Selon les termes utilisés par l'Ecole Y.________ le 19 août 2006, l'assiduité

de le recourante aux cours a été détestable car elle semblait plus intéressée à

travailler en qualité de serveuse qu'à étudier. Elle n'a pas obtenu le diplôme

désiré, ne prenant même pas la peine de se présenter aux examens.

Force est de constater qu'en redoublant et en ne

prenant même pas le soin de se présenter aux examens du diplôme de secrétaire

commerciale qu'elle convoitait, la recourante a accumulé les échecs et s’est

totalement désintéressée de la formation entreprise qui constituait la raison

pour laquelle un permis de séjour en Suisse lui avait été accordé. Le courrier

de l'Ecole Y.________ du 19 août 2006, dont le contenu peut être apprécié avec

réserve, est néanmoins significatif du peu d'engagement manifesté par la

recourante dans l'accomplissement de ses études. Si les douleurs dorsales

qu’elle invoque expliquent peut être son absentéisme, elles ne peuvent excuser

le fait qu’elle ne se soit tout simplement pas présentée aux examens finaux de

la formation qu’elle avait initialement entreprise. A l’instar du SPOP, il faut

donc constater que le centre des intérêts de la recourante s’est distancé des

études qu’elle a entreprises.

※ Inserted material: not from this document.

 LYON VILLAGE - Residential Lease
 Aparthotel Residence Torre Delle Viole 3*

La recourante n’a obtenu aucun diplôme et les

notes reçues lors de sa troisième année de formation confirment l’opinion du

SPOP en ce qui concerne le manque d’assiduité dont elle a fait preuve, qui

semble être la cause principale de ses échecs.

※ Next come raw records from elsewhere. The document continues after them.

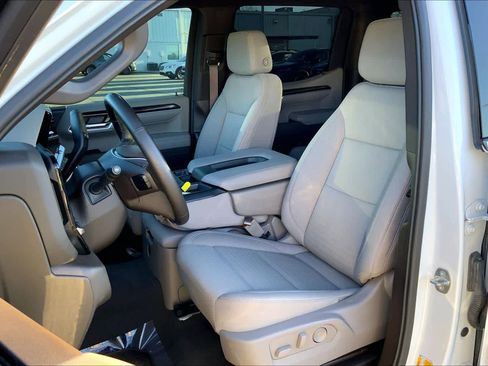 Used 2024 GMC Sierra 1500 SLE image 7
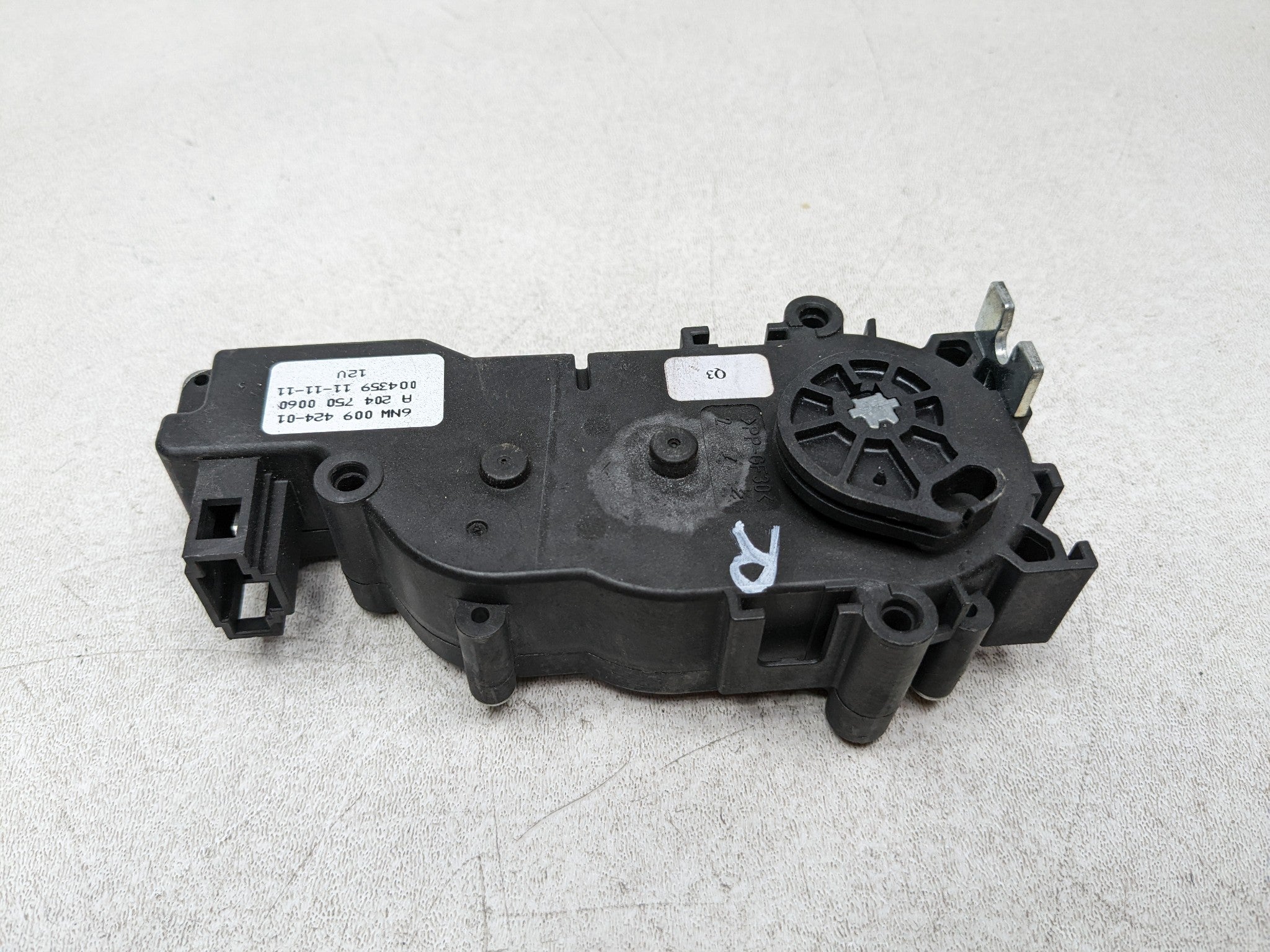 2012 - 2018 MERCEDES-BENZ CLS550 OEM TAILGATE TRUNK LID LOCK LATCH ACTUATOR REAR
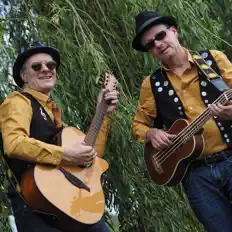 Escucha a Topaz, mira videos musicales, lee su biografía, consulta las fechas de las gira y más.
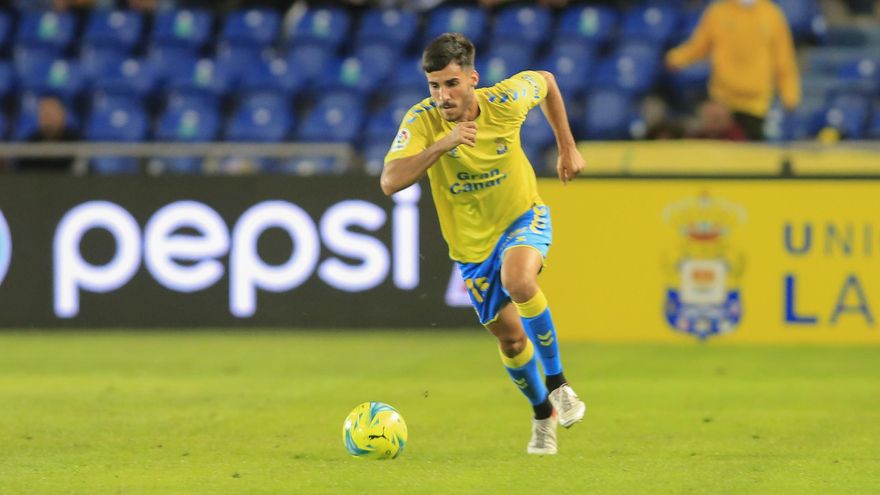 El centrocampista Fabio González amplía su vinculación con la UD Las Palmas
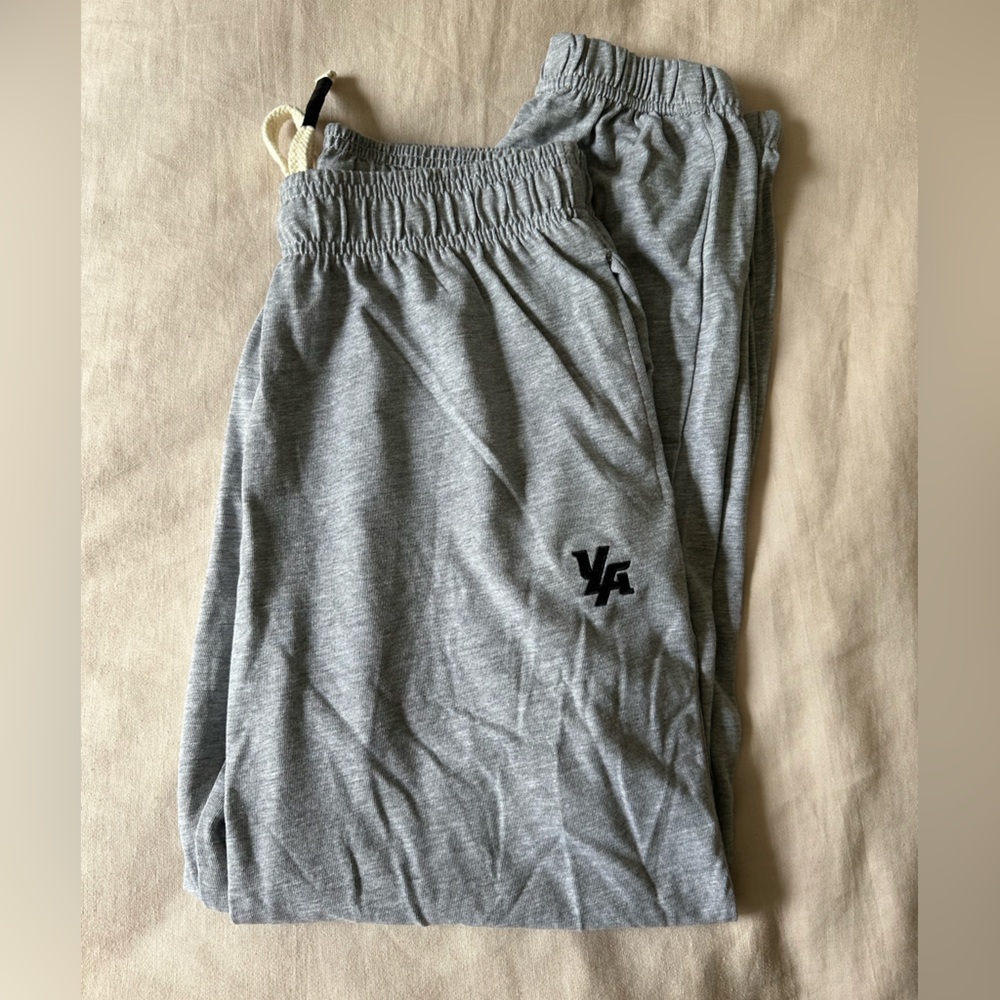Gray youngla sweatpants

Ainsi, les études pour lesquelles la recourante est

venue en Suisse n'ont abouti à aucun résultat concret. Le plan d'études indiqué

par la recourante n'a donc manifestement pas été respecté.

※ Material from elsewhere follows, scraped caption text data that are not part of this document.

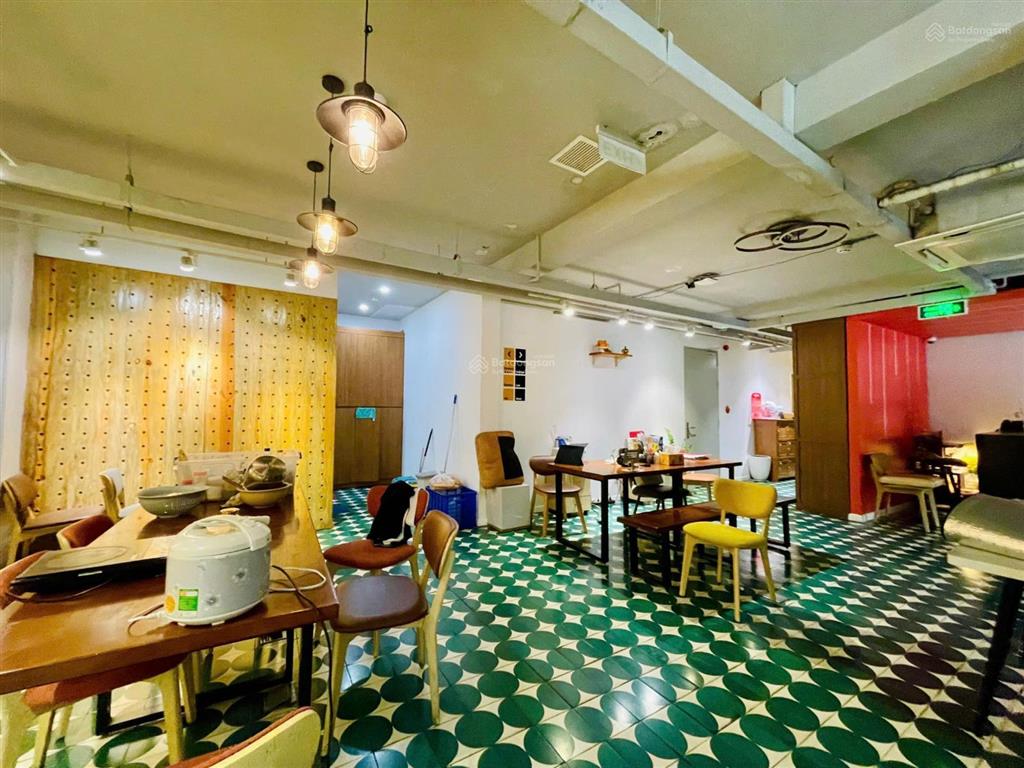20 trần cao vân ngang 14m 800m2 ngay hồ con rùa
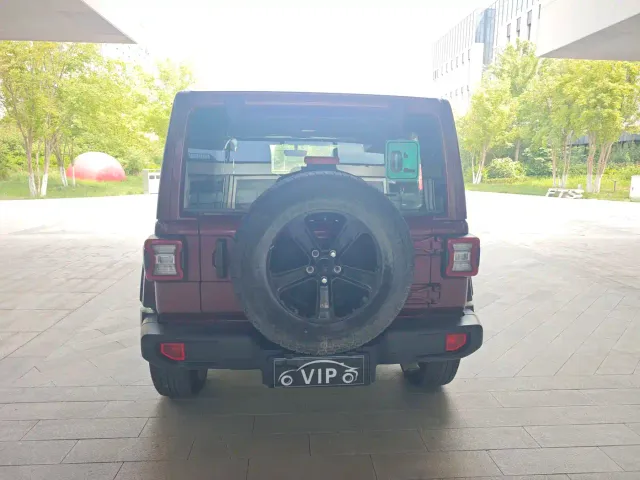 Jeep Wrangler — Фото автомобиля 12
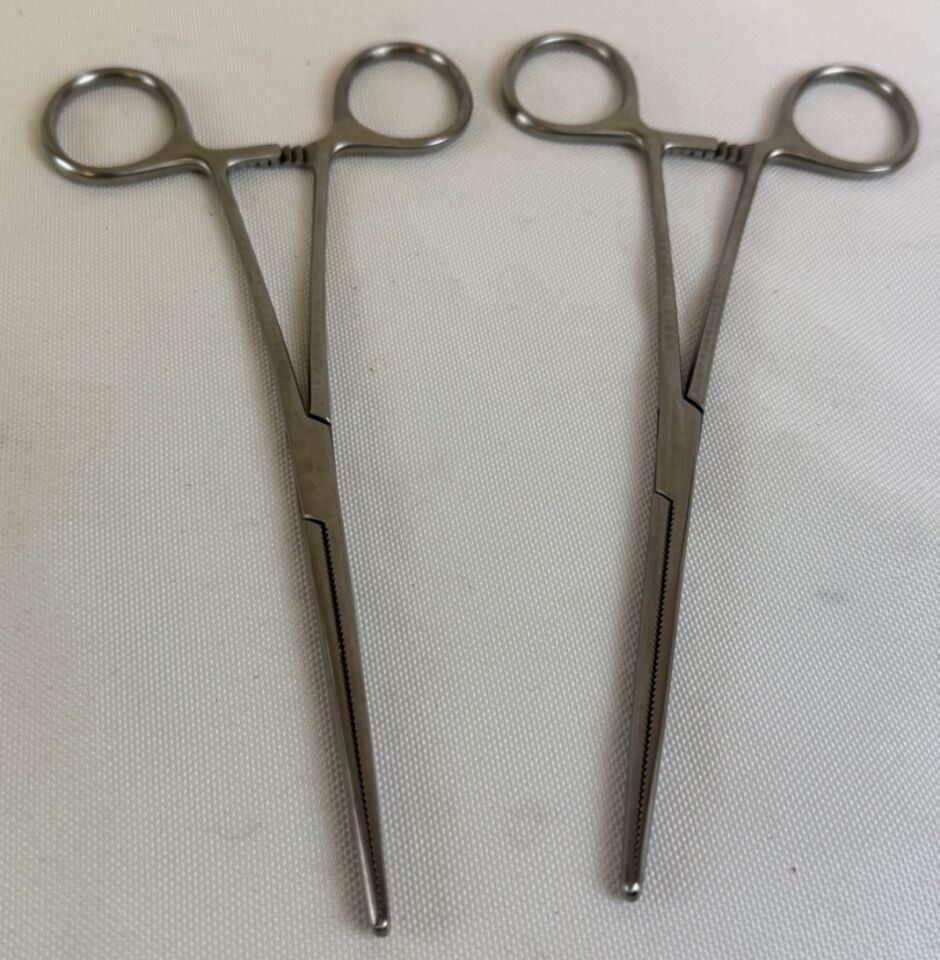 MILTEX 16-108 Pair of Baby Doyen Clamps Intestinal Forcep Diagonal Serrations 7" — photo 5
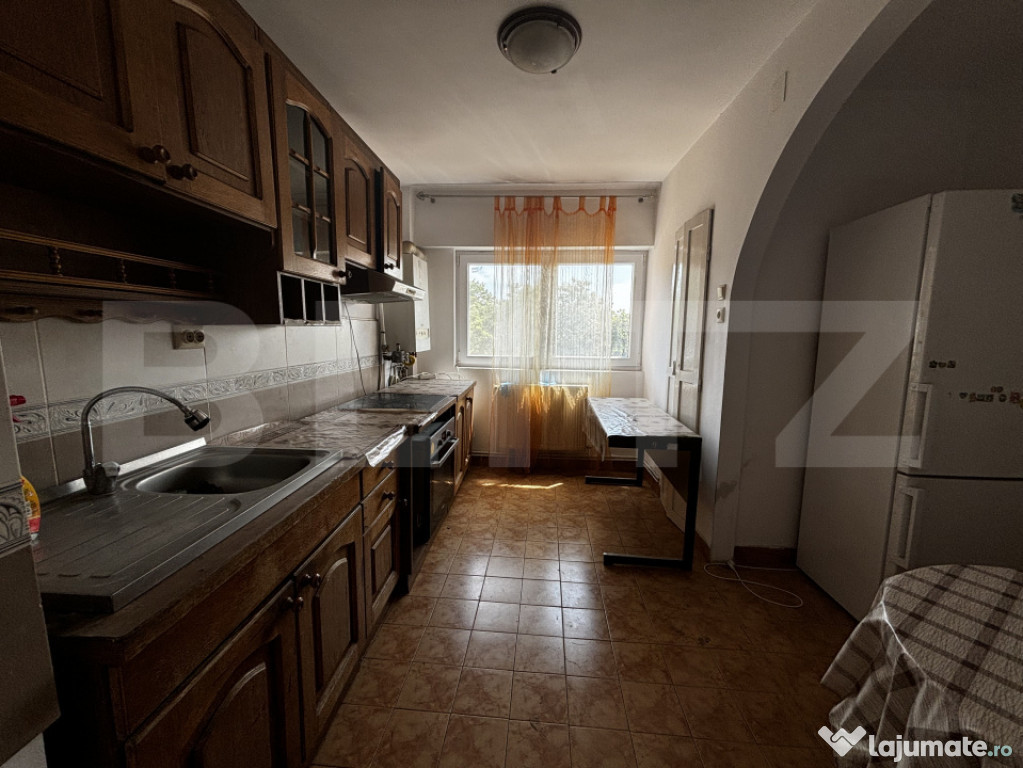 Apartament de vânzare, etaj 1, 80 mp, zona Micro 16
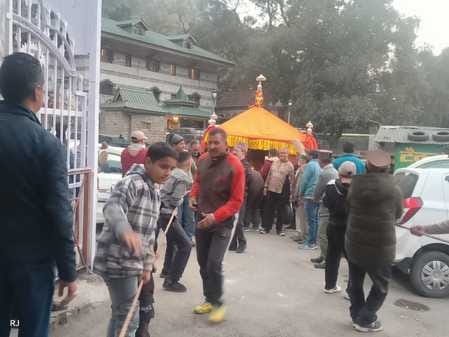 Rath Yatra of Lord Raghunath started in Rampur market on Vasant Panchami.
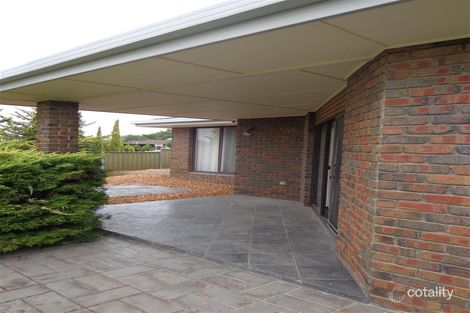 Property photo of 40 Quinvale Road Hallett Cove SA 5158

Les conditions de l'art. 32 lettre c) OLE ne sont dès

lors plus réunies et c'est à juste titre que le SPOP a refusé de délivrer une

nouvelle autorisation de séjour à l'intéressée.

4.

Vu ce qui précède, le recours doit être rejeté et la

décision entreprise maintenue.

Succombant, la recourante doit supporter les frais

judiciaires et n'a pas droit à des dépens. Il appartiendra au SPOP de lui fixer

un nouveau délai pour quitter le territoire vaudois.

Dispositif

Par ces motifs

le Tribunal administratif

arrête:

I.

Le recours est rejeté.

II.

La décision du SPOP du 13 décembre 2006 est confirmée.

III.

Un émolument de 500 (cinq cents) francs est mis à la

charge de la recourante.

do/Lausanne, le 7 mai 2007

Le président: Le

greffier:

Le présent arrêt est communiqué aux destinataires de

l'avis d'envoi ci-joint

Il peut faire l'objet, dans les trente jours suivant sa

notification, d'un recours au Tribunal fédéral. Le recours en matière de droit

public s'exerce aux conditions des articles 82 ss de la loi du 17 juin 2005 sur

le Tribunal fédéral (LTF - RS 173.110), le recours constitutionnel subsidiaire

à celles des articles 113 ss LTF. Le mémoire de recours doit être rédigé dans

une langue officielle, indiquer les conclusions, les motifs et les moyens de

preuve, et être signé. Les motifs doivent exposer succinctement en quoi l’acte

attaqué viole le droit. Les pièces invoquées comme moyens de preuve doivent

être jointes au mémoire, pour autant qu’elles soient en mains de la partie; il

en va de même de la décision attaquée.